ENTRIES SHOWN:
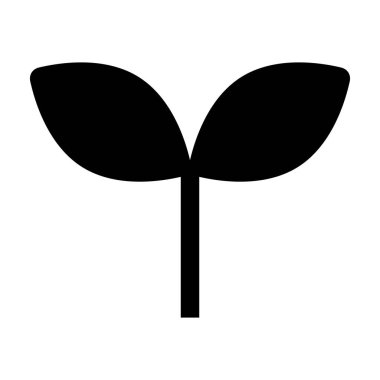 Bud Siluet ikonu. Yetiştirme. Çevre sembolü. Düzenlenebilir vektör.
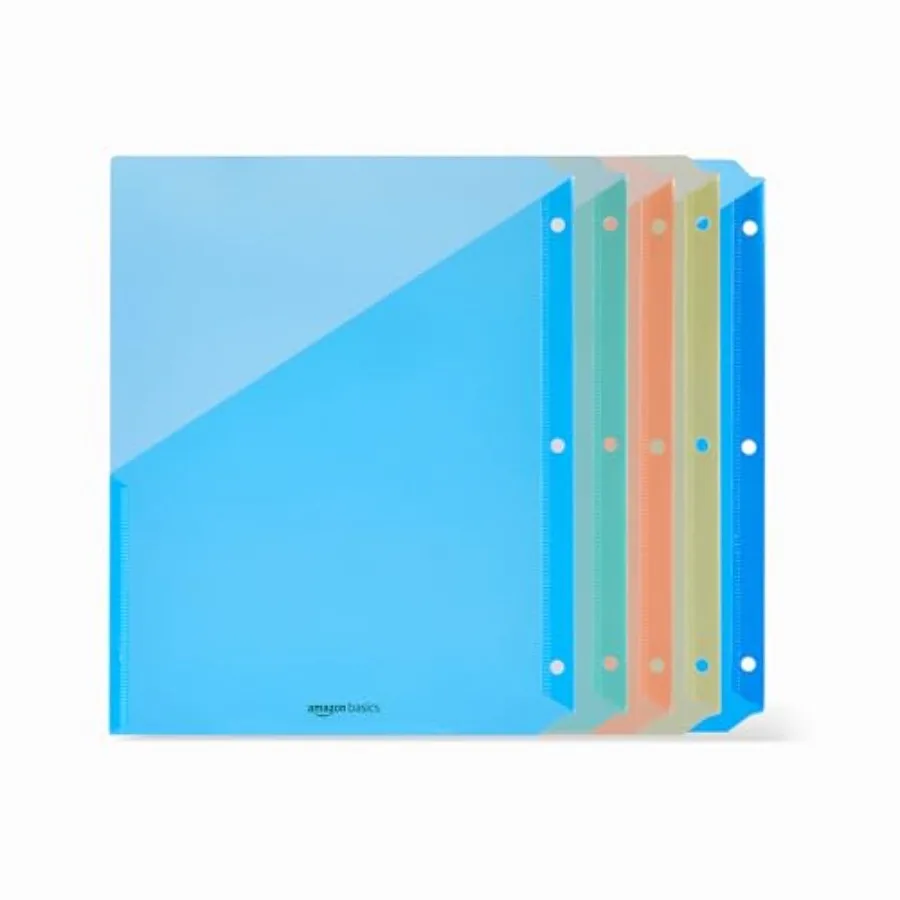 Binder Organizer, Poly Jacket, 3-Hole Punch, Assorted Colors
Binder Organizer, Poly Jacket, 3-Hole Punch, Assorted Colors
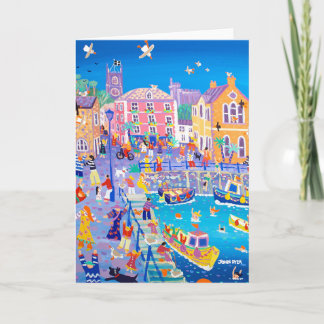 Art Card Happy Holidays, Fowey von John Dyer Karte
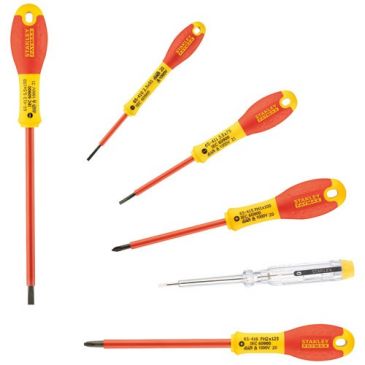 Tournevis isolé électricien lot de 6 + testeur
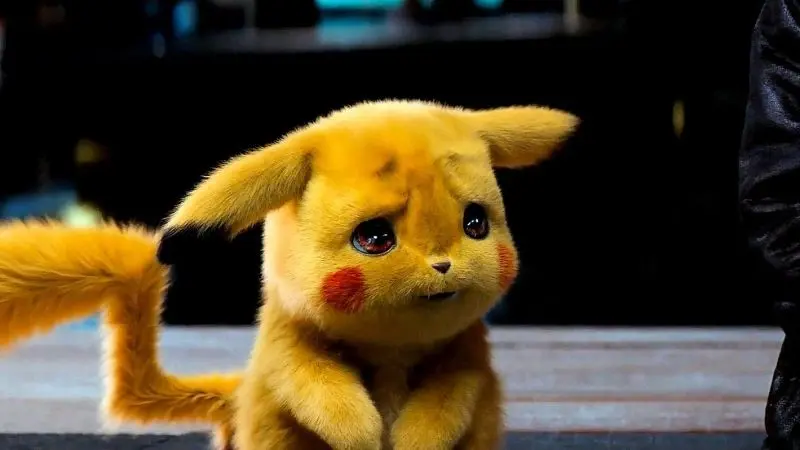 Chibi Pikachu bức ảnh dễ thương với đôi tai của cô ấy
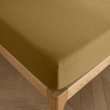 Drap Housse 90x190 cm 1 Place 100% Coton 57 Fils/cm&sup2; Bonnet 30 cm Caramel, image n° 2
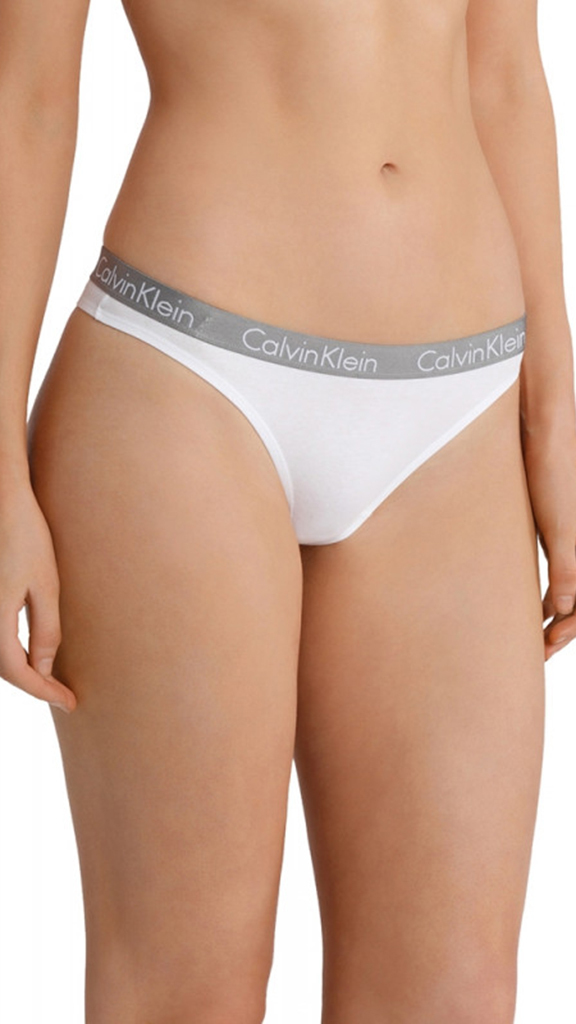 THONG DAMA-WHITE L - L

THE PROBLEM:
Your answer must be an exact copy of the records, minus any pictures.

RESPONSE BOX:
 Bud Siluet ikonu. Yetiştirme. Çevre sembolü. Düzenlenebilir vektör.
 Binder Organizer, Poly Jacket, 3-Hole Punch, Assorted Colors
Binder Organizer, Poly Jacket, 3-Hole Punch, Assorted Colors
 Art Card Happy Holidays, Fowey von John Dyer Karte
 Tournevis isolé électricien lot de 6 + testeur
 Chibi Pikachu bức ảnh dễ thương với đôi tai của cô ấy
 Drap Housse 90x190 cm 1 Place 100% Coton 57 Fils/cm&sup2; Bonnet 30 cm Caramel, image n° 2
 THONG DAMA-WHITE L - L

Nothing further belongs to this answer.